The things that still confuse me about transformers is:
1. Why do we _add_ the positional embedding to the semantic embedding? It seems like it means certain semantic directions are irreversibly with certain positions.
2. I don't understand why the attention head (which I can implement and follow the math of) is described as "key query value lookup". Specifically, the Q and K matrices aren't structurally distinct – the projections into them will learn different weights, but one doesn't start out biased key-ward and the other query-ward.
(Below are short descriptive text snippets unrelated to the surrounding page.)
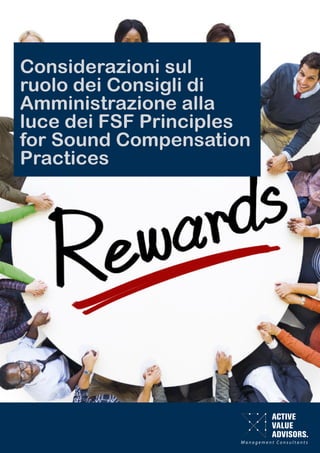 CREARE
Considerazioni sul
ruolo dei Consigli di
Amministrazione alla
luce dei FSF Principles
for Sound Compensation
Practices
 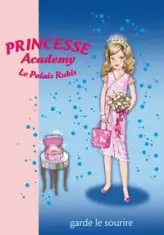 Princesse Academy, tome 17 : Princesse Marie garde le sourire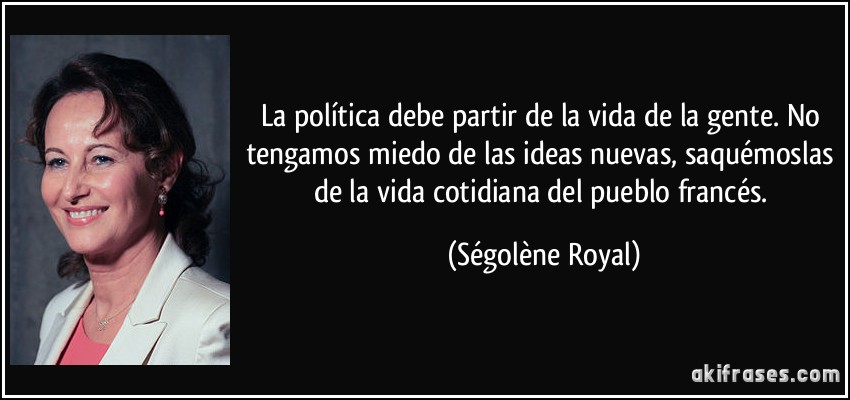 La política debe partir de la vida de la gente. No tengamos miedo de las ideas nuevas, saquémoslas de la vida cotidiana del pueblo francés. (Ségolène Royal)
The first one: transformers are "permutation invariant" by nature, so if you permute the input and apply the opposite permutation to the output you get the exact same thing. The transformer itself has no positional information. RNNs by comparison have positional information by design, they go token by token, but the transformer is parallel and all tokens are just independent "channels". So what can be done? You put positional embeddings in it - either by adding them to the tokens (concatenation was also ok, but less efficient) or by inserting relative distance biases in the attention matrix. It's a fix to make it understand time. It's still puzzling this works, because mixing text tokens with position tokens seems to cause a conflict, but it doesn't in practice. The model will learn to use the embedding vector for both, maybe specialising a part for semantics and another for position.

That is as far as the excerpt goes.